-- What you are asked to do --
Return exactly the run of lines that begins at the line containing "在没有划入军事禁区、军事管理" and ends at the last line of the material below; pictures stay out.

-- Material provided --
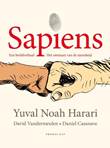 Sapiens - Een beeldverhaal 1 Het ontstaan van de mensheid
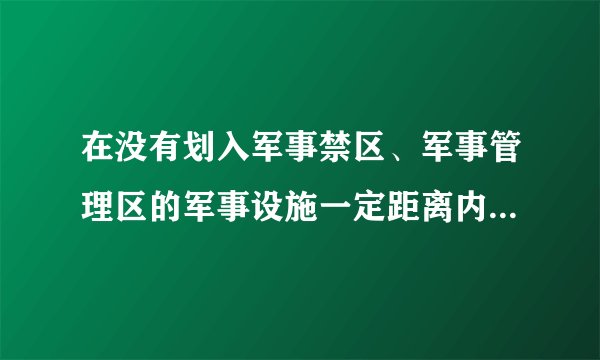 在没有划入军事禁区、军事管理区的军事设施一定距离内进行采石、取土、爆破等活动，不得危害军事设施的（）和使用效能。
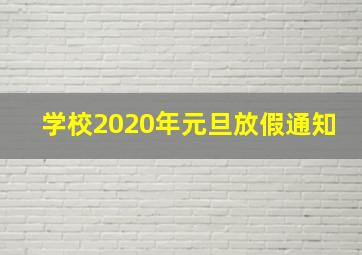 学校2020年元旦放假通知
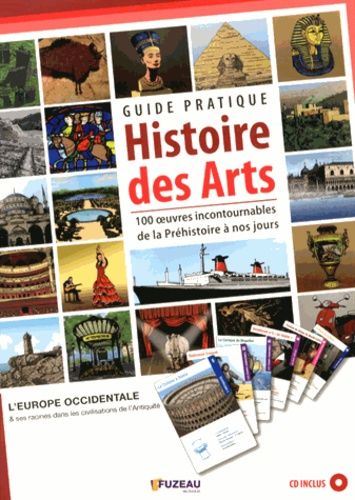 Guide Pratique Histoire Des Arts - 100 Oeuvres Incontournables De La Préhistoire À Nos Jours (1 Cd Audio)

-- Expected answer --
 在没有划入军事禁区、军事管理区的军事设施一定距离内进行采石、取土、爆破等活动，不得危害军事设施的（）和使用效能。
 学校2020年元旦放假通知
 Guide Pratique Histoire Des Arts - 100 Oeuvres Incontournables De La Préhistoire À Nos Jours (1 Cd Audio)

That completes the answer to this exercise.